注:Redis 6 版本中在接收和发送数据的时候加入了多线程,不过默认是关闭的,这里便不考虑多线程模式。
void beforeSleep(struct aeEventLoop *eventLoop) {
……
/* Handle writes with pending output buffers. */
handleClientsWithPendingWritesUsingThreads();
……
}
int handleClientsWithPendingWritesUsingThreads(void) {
int processed = listLength(server.clients_pending_write);
if (processed == 0) return 0; /* Return ASAP if there are no clients. */
/* If I/O threads are disabled or we have few clients to serve, don't
* use I/O threads, but the boring synchronous code. */
if (server.io_threads_num == 1 || stopThreadedIOIfNeeded()) {
return handleClientsWithPendingWrites();
}
……
}
/* This function is called just before entering the event loop, in the hope
* we can just write the replies to the client output buffer without any
* need to use a syscall in order to install the writable event handler,
* get it called, and so forth. */
int handleClientsWithPendingWrites(void) {
listIter li;
listNode *ln;
int processed = listLength(server.clients_pending_write);
listRewind(server.clients_pending_write,&li);
while((ln = listNext(&li))) {
client *c = listNodeValue(ln);
c->flags &= ~CLIENT_PENDING_WRITE;
listDelNode(server.clients_pending_write,ln);
/* If a client is protected, don't do anything,
* that may trigger write error or recreate handler. */
if (c->flags & CLIENT_PROTECTED) continue;
/* Don't write to clients that are going to be closed anyway. */
if (c->flags & CLIENT_CLOSE_ASAP) continue;
/* Try to write buffers to the client socket. */
if (writeToClient(c,0) == C_ERR) continue;
/* If after the synchronous writes above we still have data to
* output to the client, we need to install the writable handler. */
if (clientHasPendingReplies(c)) {
int ae_barrier = 0;
/* For the fsync=always policy, we want that a given FD is never
* served for reading and writing in the same event loop iteration,
* so that in the middle of receiving the query, and serving it
* to the client, we'll call beforeSleep() that will do the
* actual fsync of AOF to disk. the write barrier ensures that. */
if (server.aof_state == AOF_ON &&
server.aof_fsync == AOF_FSYNC_ALWAYS)
{
ae_barrier = 1;
}
if (connSetWriteHandlerWithBarrier(c->conn, sendReplyToClient, ae_barrier) == C_ERR) {
freeClientAsync(c);
}
}
}
return processed;
}
beforesleep 方法最终会调用 handleClientsWithPendingWrites() 方法,此方法便会遍历上述中 clients_pending_write 列表,调用 writeToClient 方法来将返回数据从输出缓存区写入到 soceket 中,如果还未写完,这时会调用 connSetWriteHandlerWithBarrier 方法中 aeCreateFileEvent 来注册一个写数据事件处理器 sendReplyToClient,等待 Redis 事件机制的再次调用。

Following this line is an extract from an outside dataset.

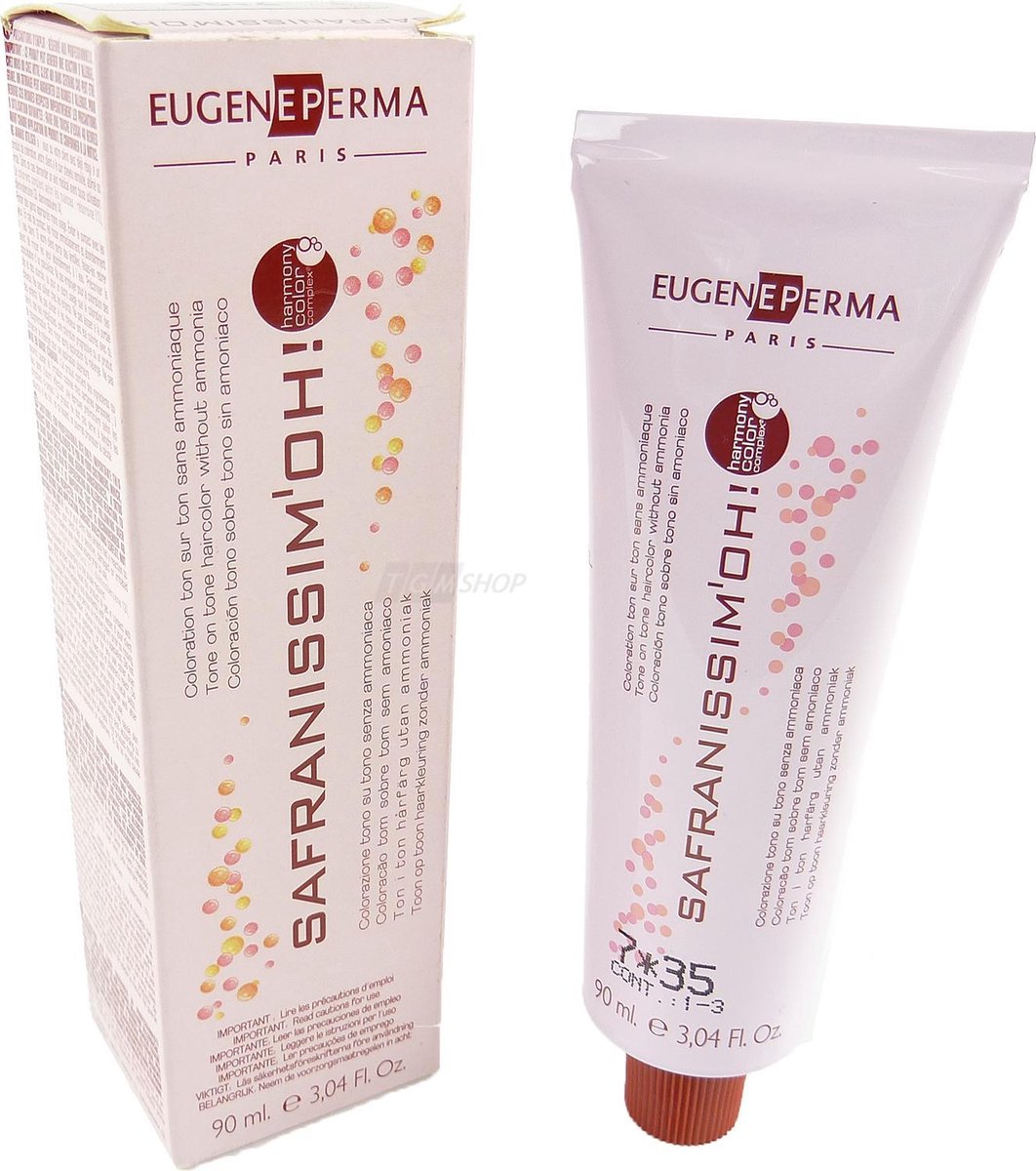 Eugene Perma - Safranissim'Oh 7 blonde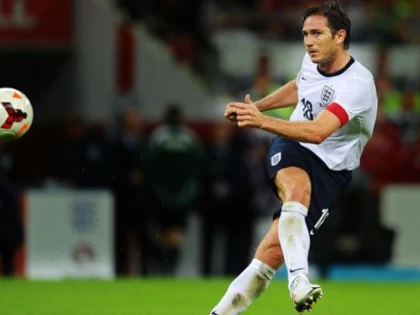 FRANK LAMPARD SE RETRAGE DIN NATIONALA ANGLIEI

上述中的事件机制就在主循环体中,也就是 beforesleep 执行之后的 aeApiPoll 中,因为刚刚注册了一个事件,这里便可以把此事件给读到,然后再执行写入的动作。
int aeProcessEvents(aeEventLoop *eventLoop, int flags)
{
……
if (eventLoop->beforesleep != NULL && flags & AE_CALL_BEFORE_SLEEP)
eventLoop->beforesleep(eventLoop);
/* Call the multiplexing API, will return only on timeout or when
* some event fires. */
numevents = aeApiPoll(eventLoop, tvp);
……
for (j = 0; j < numevents; j++) {
……
/* Fire the writable event. */
if (fe->mask & mask & AE_WRITABLE) {
if (!fired || fe->wfileProc != fe->rfileProc) {
fe->wfileProc(eventLoop,fd,fe->clientData,mask);
fired++;
}
}
……
}
}
static int aeApiPoll(aeEventLoop *eventLoop, struct timeval *tvp) {
aeApiState *state = eventLoop->apidata;
int retval, numevents = 0;
retval = epoll_wait(state->epfd,state->events,eventLoop->setsize,
tvp ? (tvp->tv_sec*1000 + (tvp->tv_usec + 999)/1000) : -1);
if (retval > 0) {
int j;
numevents = retval;
for (j = 0; j < numevents; j++) {
int mask = 0;
struct epoll_event *e = state->events+j;
if (e->events & EPOLLIN) mask |= AE_READABLE;
if (e->events & EPOLLOUT) mask |= AE_WRITABLE;
if (e->events & EPOLLERR) mask |= AE_WRITABLE|AE_READABLE;
if (e->events & EPOLLHUP) mask |= AE_WRITABLE|AE_READABLE;
eventLoop->fired[j].fd = e->data.fd;
eventLoop->fired[j].mask = mask;
}
}
return numevents;
}
如果执行完 sendReplyToClient 方法后还是未写完,那么就等下一次的事件循环处理执行 beforesleep (套娃)。
结语
至此,就可以解释了文章开头的那个问题,lrange 中 1000 万的数据的发送应该就在最后一步了,而且不是一次性的发送,而是分批发送,此时并不会阻塞其他命令执行,因此 Redis 可以执行其他命令。